Twenty-five centuries after its entrance was sealed, an ancient tomb in the fearsome Valley of the Jinn has been uncovered by an earthquake. Soon afterwards a nearby graveyard is desecrated, and horribly mauled bodies are found. The mutilation is assumed to be the work of wild beasts, and no one dreams that the archaeologists opening the tomb are moving into terrible danger.
Lurking in the maze of tunnels and caves is a foul creature whose evil has survived for thousands of years, its age-old hunger newly awakened. Only a legendary piece of treasure has the power to protect against... THE GHOUL
"What a setting this would make for a Fry's Turkish Delight commercial ....."
Not the most gratuitously nasty novel they published by any means, but for all that, another winning 200 page pulp romp from the mighty house of Hamlyn, the 'eighties NEL! This one's more convoluted than most and it's extremely unlikely my clueless attempt at a 'synopsis' will make any kind of sense whatsoever, so best ignore it and track down a copy of the book!
Julia Sword, archaeologist extraordinaire, has used her feminine wiles to persuade ultra-liberal, generosity-is-my-middle-name King Hamid of Abu Sabbah to sponsor her dig at the tomb of Horeniheb and chip in with all kind of assistance - manpower, equipment, banquets at his palace, belly-dancers, lifts for her dear old dad, Max (all this while he's doing his level best to avoid assassination by his evil uncle, Sheikh Ahmid! Would that he'd fund one of Vault's lunatic projects!). King Hamid ain't as silly as it first appears, though. He knows Julia is on top of her game and in less time than it takes to tell, albeit after the somewhat fortuitous intervention of an earthquake, she stands on the verge of what may prove to be the biggest mummy treasure find since the days of Howard Carter and King Tut! His Excellency is delighted for her and, perhaps, more-so, himself ("I'm in there!") but then along trundles Adam McAndrew, a skint, would-be documentary maker whose last job involved directing a commercial for toilet paper. McAndrew charms his way into the party and, eventually, Julia, too. Surely King Hamid is gonna go in for some good old ritual torture now! But ... no! He's such a magnanimous fellow he doesn't mind a bit and we'll have to look elsewhere for our sick pleasures! To his credit, Adam proves to be a resourceful fellow when it all kicks off with the ghoul, but you can't help but feel a little disappointed.
Sonny more than makes up for all this niceness. Sonny is a Magick-obsessed, ageing hippy speed-freak who has 'LIVE' and 'EVIL' tattooed on his chest and fancies himself the new Charles Manson. Somehow he's gathered about him a commune of three young runaways - Berlin ice queen Inga, permanently stoned Rosa and the enigmatic Wanda, supposedly a bit on the simple side but blessed of natural occult gifts.

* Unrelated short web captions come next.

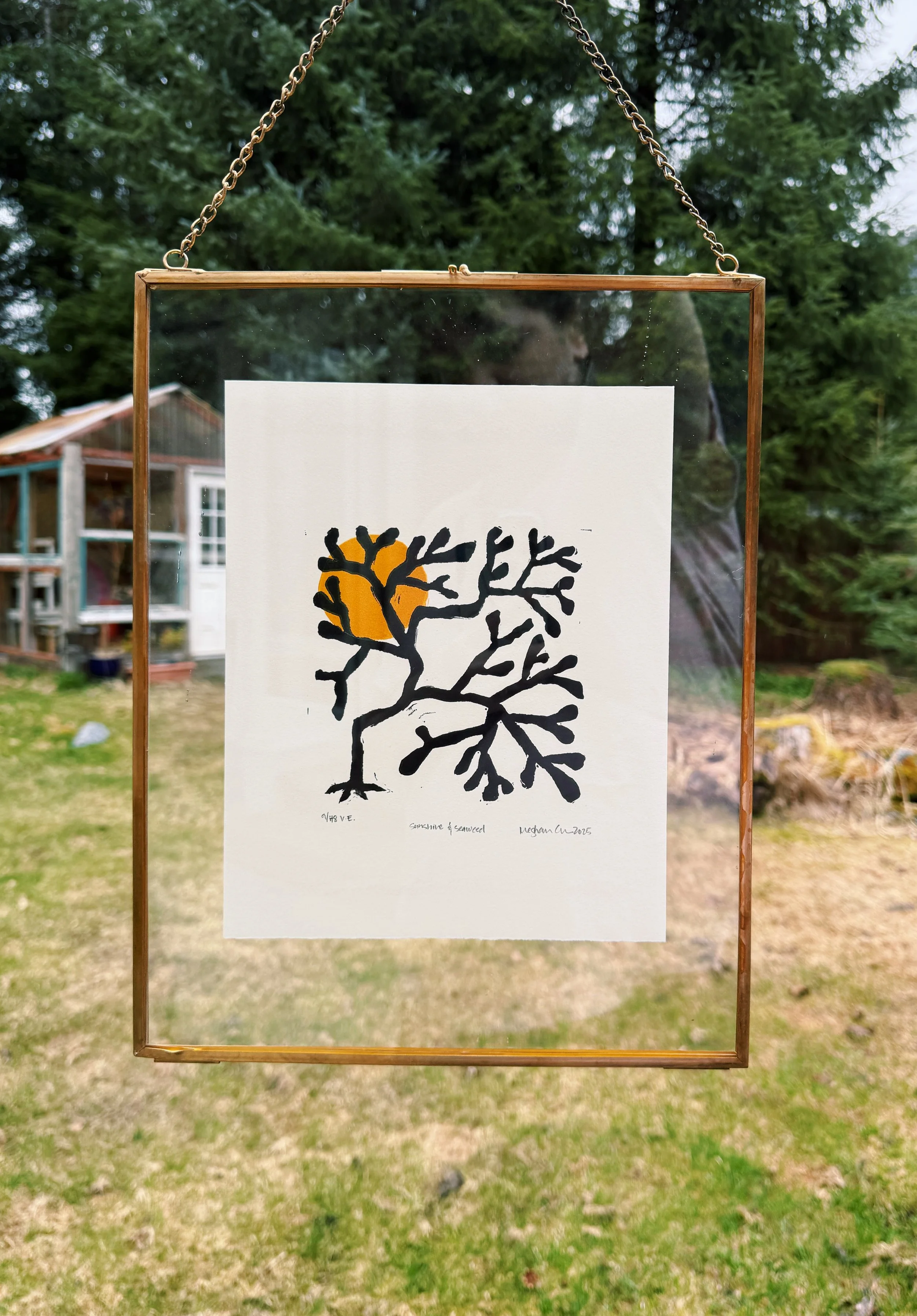 Sea Fan_framed.JPG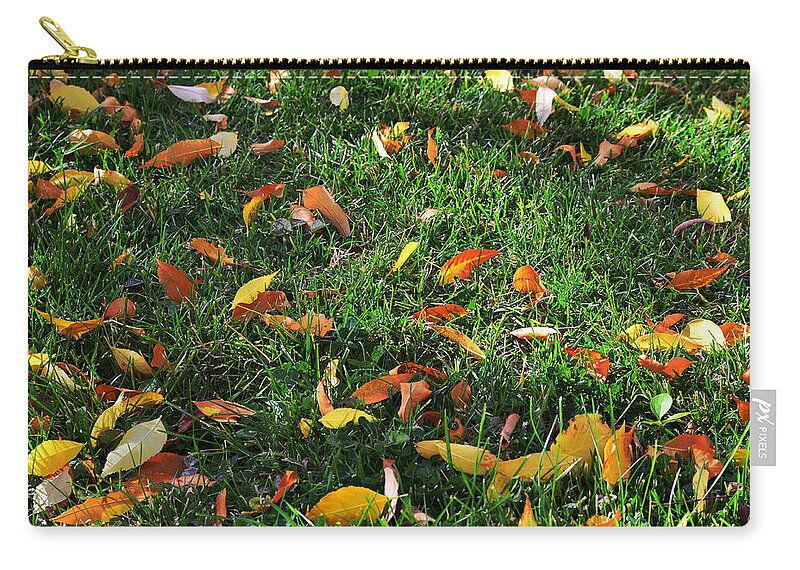 Grass Zip Pouch featuring the photograph Autumn's Confetti by Kae Cheatham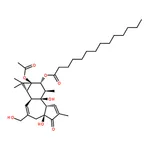 RHAWN 4-Phorbol 12-myristate 13-acetate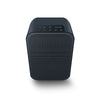 Bluesound Pulse Flex 2i Wireless Speaker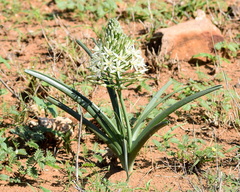 Albuca seineri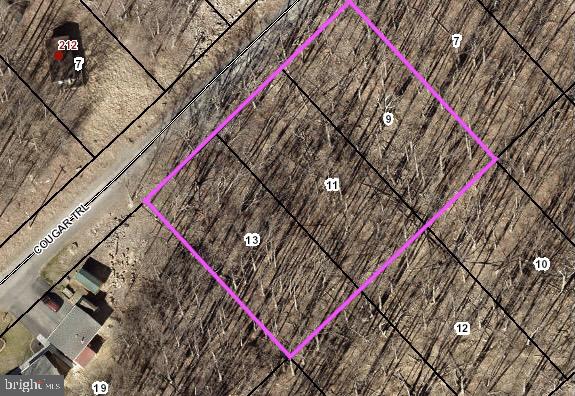 Tucked into the scenic mountains of Wilde Acres subdivision, this 0.81-acre offering combines three wooded lots into one unique opportunity for your future homesite or getaway retreat. Surrounded by mature trees and natural beauty, the property offers privacy, flexibility, and the potential to build in a peaceful setting away from the noise of town. Whether you're looking to create a full-time residence, weekend escape, or long-term investment, this property delivers. Located just 30 minutes from Winchester, you’ll enjoy convenient access to shopping, dining, and everyday amenities while still feeling tucked away in the mountains. Outdoor enthusiasts will appreciate the close proximity to George Washington National Forest, offering endless options for hiking, camping, and exploring. With three lots combined, you have added flexibility for building, layout, and future use - making this a rare find in a growing area. If you’ve been searching for a private, wooded setting with access to both nature and convenience, this is your opportunity.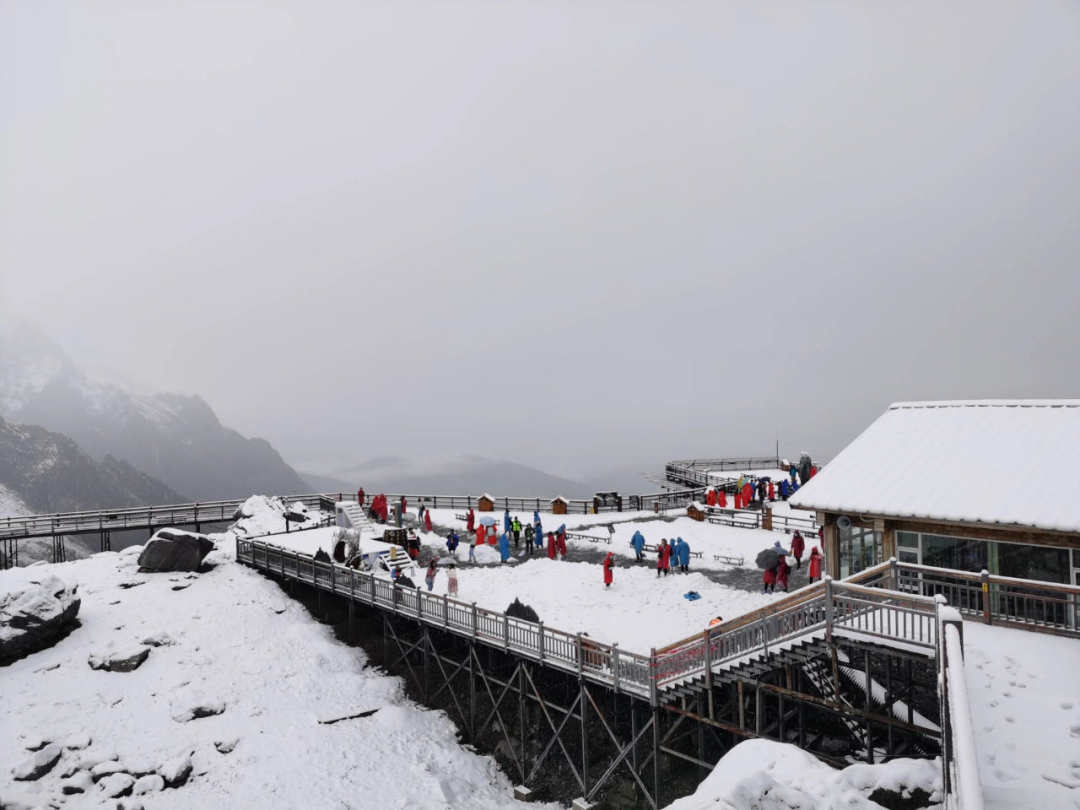 人民日报客户端云南频道|雪山蜘蛛人每天运1吨粪便下山，身后是万丈深渊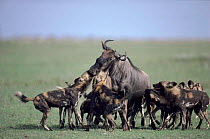 African wild dog hunting wildebeest, Serengeti NP, Tanzania. Sequence 2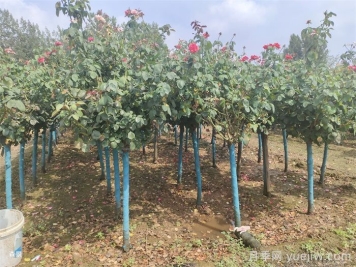 南陽樹狀月季網(wǎng)上交易成功，900棵出嫁杭州蕭山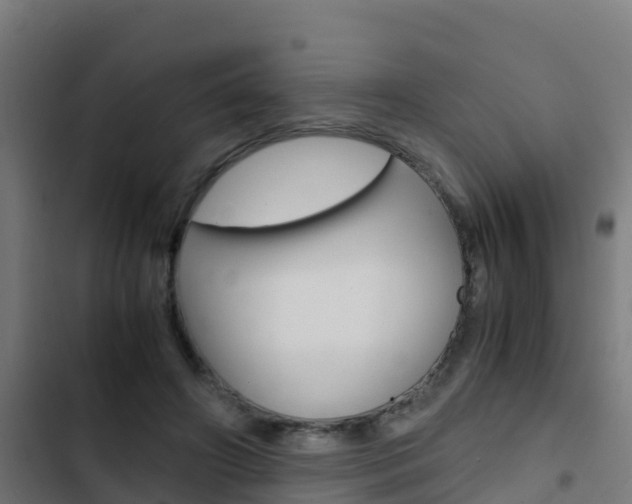 X0000103430498200809121040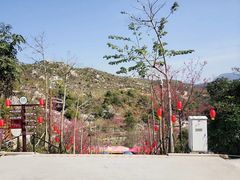 -清境桃源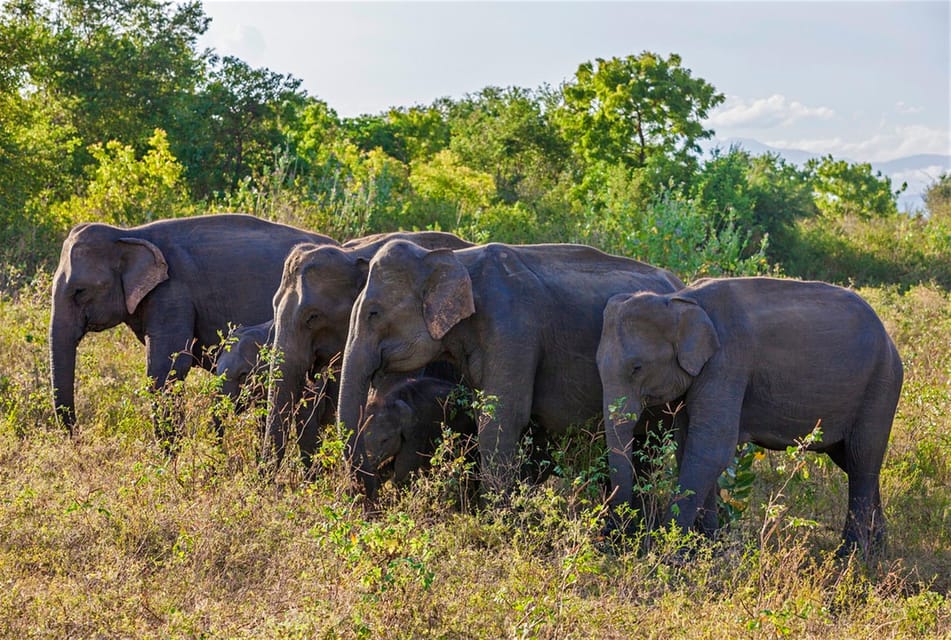 From Arugambay :- Udawalawe National Park Safari Adventure - Elephant Transit Home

A virgin, Wanda is blissfully unaware that Sonny intends to rape and human sacrifice her in the tomb in order to experience 'The Power'. Anyhow, this crew are encamped in the caves of the Valley of Jinn and forever spouting scary mumbo jumbo while bothering the archaeologists for a peek into the tomb. A fourth member, inoffensive Danish peacenik Jorgen, briefly joined them at the same time as Inga but that was just so he could argue with Sonny and wind up as ghoul-food, something he graciously accomplishes by the close of chapter two.
Also flitting in and out of the story are Moshe Leor of Israeli intelligence and the mysterious Arab spy Leliah who wears a veil, likes T. Rex and may be behind all the recent attempts on his life. She swears otherwise and they enjoy a passionate dalliance but ... will he ever be able to trust her? With Sheikh Ahmid goon squad on his trail now is not a good time for Moshe to get romantically involved with anyone, least of all a pro-Palestinian who might be trying to set him up. The Sheikh's boys don't mess about, you know. Electrodes applied to the testicles, that kind of caper. Best make sure he doesn't let them take him captive, then ...
So: entrail-devouring monsters, long haired occult weirdies, human sacrifice, international terrorism. Ronson skillfully brings these plot-lines together for the gripping latter stages of the novel and those who've survived thus far find themselves trapped in the labyrinthine tunnels at the mercy of the insatiable GHOUL!
After attempting, and failing abysmally, to make a decent start on Mammoth Best New Horror #17, it's barnstorming thrill reads like this restore my faith in horror lit!
From the first, I set myself against "literature"; the story was the thing, and no amount of style could persuade me to select a story that lacked genuine, unadulterated horror. For those who wanted something high-brow there was plenty.
Post by doomovertheworld on Mar 4, 2016 7:52:48 GMT
I would agree that it needed more ghoul action. At times it felt more like an adventure book than a horror one. However, saying that i was never bored with it. The ending felt rather abrupt and was setting it up for a sequel (which to the best of my knowledge never arrived). The cover art is awesome though.